Monday, 14 July 2008
Food
I took enough food to last six days and emergency rations consisting of four dried pasta dishes, a tin of meatballs and some iso drinks. Though the pasta meals are unpalatable except in extremes, they are very light and the packaging is waterproof. I thought that six days worth of food would be too heavy but actually there wasn’t an enormous amount.
My larder contained: one fresh Catalan pork sausage long enough for three meals (here you can buy sausage by length, like rope.) 200 grams of bacon, six eggs, 400 grams of pasta, 400 grams of cooked brown rice, one rather dubious dried Catalan sausage, robust enough to take a soaking, a loaf of sliced brown bread, ten muesli bars, one bar of chocolate, four apples and four bananas. I also had a small bottle of olive oil, two onions, one head of garlic, dried chillies, tea, coffee and sugar as well as nuts, dried apricots and prunes. The heaviest items were six beers and two bottles of wine, though the wine I decanted into a litre and a half plastic bottle, and finally 15 litres of water in five-litre containers, which I could unload on landing to lighten the boat. Oh, and there’s always a bottle of whiskey onboard in case I have to entertain.
My family is vegetarian, which practically makes me one, so I usually have a latent carnivorous lust to satisfy, hence the quantity of meat. However, having consuming a yard of sausage in the first two days as well as bacon for breakfast I was again happy to go without flesh. I usually have a craving for spicy food too but, having learned from experience, I managed to avoid the typical, first night gut searing, krakatoan curry.
I took no salt. I love salt and keep a box of Maldon by the cooker, extravagant though it may be, but on a small boat for days at a stretch on a salty sea like the Med there is inevitably enough of the stuff encrusted under the decks, about one’s person or on one’s lips to make even a bar of chocolate a tolerably savoury snack. I didn’t need to resort to scraping salt crystals off the mast, where they built up nicely and was more than happy to season my victuals with garlic and chilli.
Outside the family dynamic I eat a lot less. On solitary excursions I know that two meals a day are sufficient. I wake to tea or coffee but am rarely hungry first thing, preferring to start the day and then have a meal around 10 or 11 o’clock. If hunger arrives before that I might eat fruit to tide me over. Then I can go on until the evening before having another meal. I took all this into account when buying my food and aimed to get by with a minimum.

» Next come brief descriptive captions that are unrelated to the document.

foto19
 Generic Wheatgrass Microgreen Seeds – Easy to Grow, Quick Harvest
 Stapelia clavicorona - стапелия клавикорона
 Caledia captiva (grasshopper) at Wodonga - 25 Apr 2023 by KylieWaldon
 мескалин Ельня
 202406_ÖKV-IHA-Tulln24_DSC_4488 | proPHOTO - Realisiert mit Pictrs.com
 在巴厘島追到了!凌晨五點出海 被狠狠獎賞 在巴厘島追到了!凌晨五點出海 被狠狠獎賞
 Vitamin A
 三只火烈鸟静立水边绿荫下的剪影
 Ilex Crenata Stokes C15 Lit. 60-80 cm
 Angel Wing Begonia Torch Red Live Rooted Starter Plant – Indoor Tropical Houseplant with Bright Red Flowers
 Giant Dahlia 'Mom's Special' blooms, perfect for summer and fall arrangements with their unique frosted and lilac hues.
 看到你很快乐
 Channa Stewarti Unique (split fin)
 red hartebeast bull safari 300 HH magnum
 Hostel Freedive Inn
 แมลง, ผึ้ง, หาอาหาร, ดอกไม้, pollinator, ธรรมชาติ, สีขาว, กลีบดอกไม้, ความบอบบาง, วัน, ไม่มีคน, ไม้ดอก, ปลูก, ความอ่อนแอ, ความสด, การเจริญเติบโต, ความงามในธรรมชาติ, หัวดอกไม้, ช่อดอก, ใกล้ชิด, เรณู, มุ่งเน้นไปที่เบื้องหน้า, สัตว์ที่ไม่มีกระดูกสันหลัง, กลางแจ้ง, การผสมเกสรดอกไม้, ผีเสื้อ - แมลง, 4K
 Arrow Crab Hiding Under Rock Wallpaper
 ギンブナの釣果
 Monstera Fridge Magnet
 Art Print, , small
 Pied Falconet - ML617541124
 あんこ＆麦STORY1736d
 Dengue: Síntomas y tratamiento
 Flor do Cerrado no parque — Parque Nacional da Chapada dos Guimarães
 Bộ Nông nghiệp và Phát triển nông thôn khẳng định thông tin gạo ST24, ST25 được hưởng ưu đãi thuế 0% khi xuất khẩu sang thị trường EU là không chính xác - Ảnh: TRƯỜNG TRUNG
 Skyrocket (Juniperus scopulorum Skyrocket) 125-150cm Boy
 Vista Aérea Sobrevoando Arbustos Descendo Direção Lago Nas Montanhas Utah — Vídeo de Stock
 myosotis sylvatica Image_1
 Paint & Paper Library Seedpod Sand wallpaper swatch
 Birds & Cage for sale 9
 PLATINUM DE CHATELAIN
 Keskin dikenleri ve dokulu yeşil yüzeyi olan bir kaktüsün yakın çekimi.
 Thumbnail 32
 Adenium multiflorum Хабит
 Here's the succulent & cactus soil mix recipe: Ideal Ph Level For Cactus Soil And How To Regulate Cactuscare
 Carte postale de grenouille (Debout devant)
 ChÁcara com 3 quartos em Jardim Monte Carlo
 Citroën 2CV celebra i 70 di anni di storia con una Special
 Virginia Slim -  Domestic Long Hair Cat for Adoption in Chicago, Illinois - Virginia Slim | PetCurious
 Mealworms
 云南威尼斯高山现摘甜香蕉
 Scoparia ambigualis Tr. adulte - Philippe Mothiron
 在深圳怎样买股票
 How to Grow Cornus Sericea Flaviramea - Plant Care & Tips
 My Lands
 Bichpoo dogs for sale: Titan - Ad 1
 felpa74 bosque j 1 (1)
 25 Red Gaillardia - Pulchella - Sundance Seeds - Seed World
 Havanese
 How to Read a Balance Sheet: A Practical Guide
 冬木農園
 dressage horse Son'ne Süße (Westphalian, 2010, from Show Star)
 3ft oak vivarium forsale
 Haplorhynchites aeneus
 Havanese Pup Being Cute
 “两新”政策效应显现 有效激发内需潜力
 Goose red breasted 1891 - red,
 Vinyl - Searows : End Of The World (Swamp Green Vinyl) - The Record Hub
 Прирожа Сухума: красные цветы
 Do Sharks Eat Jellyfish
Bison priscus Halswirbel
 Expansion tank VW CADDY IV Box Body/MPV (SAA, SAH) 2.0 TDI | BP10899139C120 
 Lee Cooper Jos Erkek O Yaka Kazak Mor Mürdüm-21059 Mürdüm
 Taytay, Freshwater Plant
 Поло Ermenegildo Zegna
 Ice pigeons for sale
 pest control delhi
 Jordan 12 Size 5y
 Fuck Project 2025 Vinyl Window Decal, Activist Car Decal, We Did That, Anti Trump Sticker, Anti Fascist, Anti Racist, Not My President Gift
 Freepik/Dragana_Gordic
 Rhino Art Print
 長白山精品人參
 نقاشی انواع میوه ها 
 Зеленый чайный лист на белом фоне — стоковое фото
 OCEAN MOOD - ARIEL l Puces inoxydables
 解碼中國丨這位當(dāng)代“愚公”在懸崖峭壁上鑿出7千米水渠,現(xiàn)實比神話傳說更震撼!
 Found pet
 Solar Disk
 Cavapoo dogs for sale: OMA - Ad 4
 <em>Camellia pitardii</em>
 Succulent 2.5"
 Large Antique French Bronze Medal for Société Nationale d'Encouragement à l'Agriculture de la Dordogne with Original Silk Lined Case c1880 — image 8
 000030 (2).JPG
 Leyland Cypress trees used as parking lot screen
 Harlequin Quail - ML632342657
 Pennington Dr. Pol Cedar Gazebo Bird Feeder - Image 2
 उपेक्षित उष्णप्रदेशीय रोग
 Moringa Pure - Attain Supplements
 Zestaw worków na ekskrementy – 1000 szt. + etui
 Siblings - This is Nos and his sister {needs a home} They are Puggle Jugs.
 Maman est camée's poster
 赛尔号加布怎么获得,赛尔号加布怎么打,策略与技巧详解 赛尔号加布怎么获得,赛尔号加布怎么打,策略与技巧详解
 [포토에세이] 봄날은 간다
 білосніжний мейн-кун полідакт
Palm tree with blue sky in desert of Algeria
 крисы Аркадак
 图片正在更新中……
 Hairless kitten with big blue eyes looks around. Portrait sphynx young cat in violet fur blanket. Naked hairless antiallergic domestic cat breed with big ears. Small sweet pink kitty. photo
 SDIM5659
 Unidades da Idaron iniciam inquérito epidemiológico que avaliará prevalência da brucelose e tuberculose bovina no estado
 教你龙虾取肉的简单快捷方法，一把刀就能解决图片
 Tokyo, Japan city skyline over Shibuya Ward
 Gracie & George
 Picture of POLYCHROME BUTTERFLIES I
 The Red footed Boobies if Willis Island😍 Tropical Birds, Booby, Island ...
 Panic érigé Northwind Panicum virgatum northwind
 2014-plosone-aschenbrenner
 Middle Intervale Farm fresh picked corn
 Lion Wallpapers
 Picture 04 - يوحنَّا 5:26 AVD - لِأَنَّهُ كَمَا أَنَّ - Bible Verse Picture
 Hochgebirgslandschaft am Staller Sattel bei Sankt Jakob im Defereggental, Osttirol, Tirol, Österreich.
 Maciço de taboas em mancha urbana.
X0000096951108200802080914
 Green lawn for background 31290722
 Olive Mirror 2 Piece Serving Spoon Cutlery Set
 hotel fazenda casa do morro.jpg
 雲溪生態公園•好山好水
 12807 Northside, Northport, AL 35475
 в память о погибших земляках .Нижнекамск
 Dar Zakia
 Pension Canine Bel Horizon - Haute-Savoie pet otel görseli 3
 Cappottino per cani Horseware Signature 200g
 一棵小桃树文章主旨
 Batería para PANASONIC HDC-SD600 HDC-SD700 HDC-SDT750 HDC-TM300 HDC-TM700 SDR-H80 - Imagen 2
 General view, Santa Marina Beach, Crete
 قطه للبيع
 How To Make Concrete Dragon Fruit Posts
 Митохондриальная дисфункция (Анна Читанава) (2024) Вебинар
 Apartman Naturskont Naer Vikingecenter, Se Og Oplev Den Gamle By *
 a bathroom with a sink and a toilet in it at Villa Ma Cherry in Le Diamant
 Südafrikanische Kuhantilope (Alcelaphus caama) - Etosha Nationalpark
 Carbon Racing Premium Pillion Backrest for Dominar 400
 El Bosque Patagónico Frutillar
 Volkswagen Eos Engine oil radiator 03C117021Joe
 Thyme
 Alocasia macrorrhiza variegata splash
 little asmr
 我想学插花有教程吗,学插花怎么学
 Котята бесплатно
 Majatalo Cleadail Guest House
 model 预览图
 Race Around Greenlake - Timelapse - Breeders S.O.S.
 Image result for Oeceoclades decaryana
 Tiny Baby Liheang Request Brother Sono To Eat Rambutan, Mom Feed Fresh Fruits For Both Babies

I knew that I’d probably have the opportunity to restock or that I could call a friend and have them bring me supplies if I got the raving munchies and gnawed through my provisions in a couple of days. In the event, I bought some fresh prawns, six more beers and another bottle of wine. Pep left me a bag of fresh fruit and Irene gave me a packet of biscuits and a Mars bar. On the penultimate day I filled up two empty water containers from a garden hose.
I also supposed that I might eat out one evening and at Riumar I did ravenously wolf half a shared pizza though it hardly conformed to my idea of ‘a meal out’.
In practice my two meals a day were often just one, and sometimes the time between waking and eating a proper meal was excessively large. Though at times, in a lurching boat, it’s just not practical to eat there was always fruit to hand and this was often a godsend. Occasionally sharp set I was never so hungry as to be uncomfortable.
I brought back one unopened bottle of wine, four muesli bars, a quarter of a bar of chocolate, one egg, 200 grams of pasta, half Irene’s packet of biscuits, nuts, apricots and prunes and half a bottle of whiskey; as well as the four pasta meals, the can of meatballs and the iso drinks.
I kept my food in a motley assortment of plastic containers, which I hoped would be more or less water resistant. At all events I felt secure that if I was called upon to hold an impromptu Tupperware party then OB might distinguish herself.